陈自原都快忘了那面锦旗了,他单手托腮,看着陆衡,问:“你第一反应是什么?”

“陈医生医术不错。”

长得也很帅。

“你不提我都忘了,”陈自原挑挑眉,笑着说:“锦旗是你来前一个小时刚挂上去的。”

陆衡诧异了一下,沉默半晌,由衷感慨:“这么巧啊。”

“送锦旗的家长不直接送我这儿,先去院长办公室晃一圈,然后被医务科的领导一路指着才到我那儿,差点儿没敲锣打鼓了,”陈自原说:“我当时都懵了,接了锦旗后背都是汗,还得拍照,那会儿有个地缝我肯定钻进去。”

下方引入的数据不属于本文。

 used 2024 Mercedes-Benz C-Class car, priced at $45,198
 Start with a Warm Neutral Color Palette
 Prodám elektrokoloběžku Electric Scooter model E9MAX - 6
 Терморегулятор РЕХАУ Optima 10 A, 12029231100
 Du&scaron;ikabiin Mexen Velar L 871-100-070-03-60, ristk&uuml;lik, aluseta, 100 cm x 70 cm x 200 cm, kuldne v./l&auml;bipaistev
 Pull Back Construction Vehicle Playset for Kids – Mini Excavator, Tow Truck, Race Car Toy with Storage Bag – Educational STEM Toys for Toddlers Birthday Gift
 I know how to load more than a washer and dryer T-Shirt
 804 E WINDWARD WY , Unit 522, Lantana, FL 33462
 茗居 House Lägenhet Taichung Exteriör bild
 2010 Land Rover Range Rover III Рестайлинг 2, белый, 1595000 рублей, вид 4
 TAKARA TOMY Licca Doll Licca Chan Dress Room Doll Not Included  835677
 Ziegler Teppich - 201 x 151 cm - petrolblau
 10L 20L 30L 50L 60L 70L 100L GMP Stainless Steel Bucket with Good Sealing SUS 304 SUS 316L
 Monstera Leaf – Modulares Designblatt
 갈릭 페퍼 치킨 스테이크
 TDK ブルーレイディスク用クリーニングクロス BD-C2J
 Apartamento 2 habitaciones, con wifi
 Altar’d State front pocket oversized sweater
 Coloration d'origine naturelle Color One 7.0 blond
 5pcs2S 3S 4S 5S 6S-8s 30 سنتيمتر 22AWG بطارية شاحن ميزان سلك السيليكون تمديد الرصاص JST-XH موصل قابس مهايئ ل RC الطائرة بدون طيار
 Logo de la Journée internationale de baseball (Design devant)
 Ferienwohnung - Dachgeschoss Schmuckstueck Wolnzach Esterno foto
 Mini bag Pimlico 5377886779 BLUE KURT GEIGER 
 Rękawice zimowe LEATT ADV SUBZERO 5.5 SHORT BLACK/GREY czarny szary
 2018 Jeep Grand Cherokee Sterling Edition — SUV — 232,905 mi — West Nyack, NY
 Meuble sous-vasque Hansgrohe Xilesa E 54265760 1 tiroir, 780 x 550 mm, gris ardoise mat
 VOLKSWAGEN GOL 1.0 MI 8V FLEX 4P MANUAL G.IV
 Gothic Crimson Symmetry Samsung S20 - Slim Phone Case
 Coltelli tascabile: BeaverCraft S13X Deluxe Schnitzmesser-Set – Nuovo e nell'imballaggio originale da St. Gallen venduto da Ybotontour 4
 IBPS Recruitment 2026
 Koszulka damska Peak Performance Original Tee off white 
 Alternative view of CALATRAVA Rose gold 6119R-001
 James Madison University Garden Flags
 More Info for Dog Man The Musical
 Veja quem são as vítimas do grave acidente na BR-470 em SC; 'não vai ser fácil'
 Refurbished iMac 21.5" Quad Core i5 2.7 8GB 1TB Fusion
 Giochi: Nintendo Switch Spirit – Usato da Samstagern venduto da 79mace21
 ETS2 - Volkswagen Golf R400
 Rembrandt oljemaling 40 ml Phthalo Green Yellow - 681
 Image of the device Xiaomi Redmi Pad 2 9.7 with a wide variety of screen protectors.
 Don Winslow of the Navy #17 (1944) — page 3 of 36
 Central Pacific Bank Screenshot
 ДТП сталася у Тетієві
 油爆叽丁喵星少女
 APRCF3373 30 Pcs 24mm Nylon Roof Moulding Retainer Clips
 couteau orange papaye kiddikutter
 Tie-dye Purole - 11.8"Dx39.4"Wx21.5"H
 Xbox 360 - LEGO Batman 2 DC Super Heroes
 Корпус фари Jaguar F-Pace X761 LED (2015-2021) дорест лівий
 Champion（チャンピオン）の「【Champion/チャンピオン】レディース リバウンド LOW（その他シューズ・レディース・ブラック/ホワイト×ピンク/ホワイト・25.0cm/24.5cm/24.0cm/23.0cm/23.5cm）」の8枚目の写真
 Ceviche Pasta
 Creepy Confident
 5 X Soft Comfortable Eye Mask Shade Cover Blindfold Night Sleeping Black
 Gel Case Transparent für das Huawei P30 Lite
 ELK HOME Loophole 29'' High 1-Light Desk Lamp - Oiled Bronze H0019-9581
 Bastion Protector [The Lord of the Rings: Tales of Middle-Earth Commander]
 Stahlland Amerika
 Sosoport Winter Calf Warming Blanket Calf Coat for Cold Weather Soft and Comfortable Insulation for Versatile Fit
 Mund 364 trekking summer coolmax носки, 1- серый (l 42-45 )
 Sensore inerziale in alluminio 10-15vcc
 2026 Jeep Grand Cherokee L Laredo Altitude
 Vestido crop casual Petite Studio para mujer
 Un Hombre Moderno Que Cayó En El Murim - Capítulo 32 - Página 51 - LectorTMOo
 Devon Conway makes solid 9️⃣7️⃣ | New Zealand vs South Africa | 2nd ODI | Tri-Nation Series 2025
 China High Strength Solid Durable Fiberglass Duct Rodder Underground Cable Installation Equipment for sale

陆衡听陈自原声情并茂地讲,眼睛笑弯了,很漂亮,“这是好事,表扬你呢。”

陈自原扶了扶眼镜,眉毛一皱,说:“我没看懂。”

他年龄在这儿,不爱上网,年轻人玩儿的这些东西对他来说就跟马里亚纳海沟里的生物,不涉猎就完全摸不着头脑。

陆衡还是想笑,“YYDS?”

“对,我研究半天,没好意思问别人,自己琢磨。手机输入法打进去,第一个跳出来永远单身,”陈自原捏着玻璃杯晃了晃,水也轻轻晃起来,“我想了好几天也没明白,他是祝我永远单身吗?”

“原哥,”陆衡特语重心长,“老梗了。”

“是吗?”陈自原笑着说:“反正挺有意思的。”

“嗯,”陆衡浸在陈自原的情绪里乐了半天,“是挺有意思的。”

于是陈自原反问:“哪儿有意思了?”

陆衡想了一下,“你拿手机查这些信息的样子,寒窗苦读的劲儿都使出来了吧?”

他嘴角扬起的弧度落在陈自原的眼睛里,像突如其来的雨水浇灌田野,久旱逢甘霖。

陈自原看入了神,他喟叹,说:“不服老不行。”

“老这个字不合适,你得换个说法。”

陈自原问:“什么?”

“沉淀。”

所以只有沉淀下来的土壤才能有幸遇见一棵绿意盎然的小穗。

陆衡看到陈自原从容沉稳的目光,耳朵又红在了昏暗的氛围灯下。

球球安安静静吃饭,偶尔抬起头看看大人有时候真的很奇怪,心里藏着想法呢,为什么都不说出来?